2.2. Die Beschwerdeführerin rügt, wie bereits im vorinstanzlichen Verfahren,
eine Verletzung ihres Anspruches auf Ersatz der Vollkosten (gemäss Art. 25a
Abs. 5 Satz 2 KVG). Überdies verletze die vorinstanzlich geschützte Regelung
der Beschwerdegegnerin auch die bundesrechtliche Vorgabe, wonach Kantone und
Gemeinden eine umfassende Gewährung der Pflegeleistungen zu Hause sicherstellen
müssen. Die Beschwerdegegnerin habe einzig mit der Spitex Buttisholz/Nottwil
eine Vereinbarung abgeschlossen. Weil diese lediglich eingeschränkte
Betriebszeiten habe, könne von einer Sicherstellung der umfassenden
Grundversorgung keine Rede sein. Die äusserst günstigen Tarife der Spitex
Buttisholz/Nottwil seien nur möglich, weil sie während der höher zu
entschädigenden Rand- und Nachtstunden keine Leistungen erbringe. Die
Vollkosten der freiberuflich Pflegenden seien durch die tiefen Tarife bei
weitem nicht gedeckt.
Im Sinne eines Eventualantrages müssten zumindest die ausserhalb der
Spitex-Öffnungszeiten erbrachten Leistungen höher entschädigt werden als zum
VLG-Tarif. Die Vollkostenrechnung nach dem Finanzmanual des Spitex-Verbandes
Schweiz als Grundlage der Empfehlungen des VLG basiere auf einer
Durchschnittsberechnung zwischen "normalen" Öffnungszeiten und höher zu
entschädigenden Randzeiten. Die Restkosten seien daher gestützt auf eine
Vollkostenrechnung bezogen auf die Zeiten ausserhalb des Spitex-Betriebes zu
erstatten.

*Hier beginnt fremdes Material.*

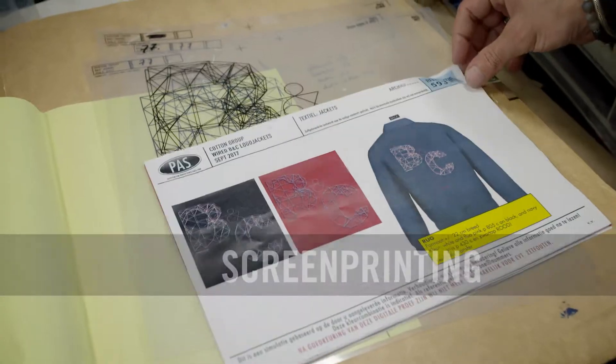Welcome to Pathsprint. Today we have tested two different techniques on BNC polyester taffeta jackets. The first technique is screen printing.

Soweit die Vorinstanz eine eingehende Prüfung der Vollkostenrechnung
im Einzelfall zum Vornherein als zwecklos erachtet und darauf verzichtet habe,
habe sie in mehrfacher Hinsicht Bundesrecht verletzt. Ohne vorgängige
Ermittlung der spezifischen Kosten ausserhalb der Spitex-Betriebszeiten könnten
die Empfehlungen des VLG nicht als ein in der kantonalen
Legiferierungskompetenz liegender Pauschalentschädigungsansatz gesehen werden.
Die für freiberufliche Pflegefachleute nicht kostendeckenden Tarife der Spitex
Buttisholz/Nottwil führten dazu, dass freiberufliche Pflegefachpersonen während
der Spitex-Zeiten keine Leistungen mehr anbieten und Anfragen von Klienten für
diese Zeit abweisen würden, was die Wahlfreiheit faktisch aufhebe. Patienten in
Nottwil, die ausserhalb der Spitex-Zeiten Pflege benötigten, müssten sowohl mit
der Spitex als auch mit privaten Pflegefachpersonen zusammenarbeiten, was
unnötigen administrativen Aufwand und unzumutbare Wechsel der Pflegenden
bedinge. Für solche Patienten könne die Beschwerdegegnerin keine "geeigneten
Pflegeleistungen" anbieten, weshalb nach § 8 Abs. 2 PFG die gesamten Leistungen
nach den Empfehlungen des VLG zu entschädigen seien.

3.

3.1. Seit Inkrafttreten der Neuordnung der Pflegefinanzierung am 1. Januar 2011
leistet einerseits die obligatorische Krankenpflegeversicherung (OKP) einen
Beitrag an die Pflegeleistungen, welche aufgrund einer ärztlichen Anordnung und
eines ausgewiesenen Pflegebedarfs ambulant oder im Pflegeheim erbracht werden
(Art. 25a Abs. 1 KVG). Anderseits haben sich sowohl die Versicherten als auch
die öffentliche Hand an den Pflegekosten zu beteiligen. Die Modalitäten der
Restfinanzierung der Pflegekosten regeln die Kantone (Art. 25a Abs. 5 Satz 2
KVG; BGE 138 V 377 E. 5.1 S. 381), wobei diese kantonale Zuständigkeit nichts
daran ändert, dass der grundsätzliche Anspruch auf Übernahme der ungedeckten
Pflegekosten durch die öffentliche Hand (Kanton oder Gemeinden)
bundesrechtlicher Natur ist (BGE 140 V 58 E. 4.1 S. 62). Leistungserbringer
sind - je nach kantonaler Regelung - Kantone oder Gemeinden, also Personen
öffentlichen Rechts, die grundsätzlich nicht dem KVG unterstellt sind, da sie
ihre Leistungen nicht zu Lasten der obligatorischen Krankenpflegeversicherung
abrechnen (BGE 140 V 563    E. 2.2 S. 566).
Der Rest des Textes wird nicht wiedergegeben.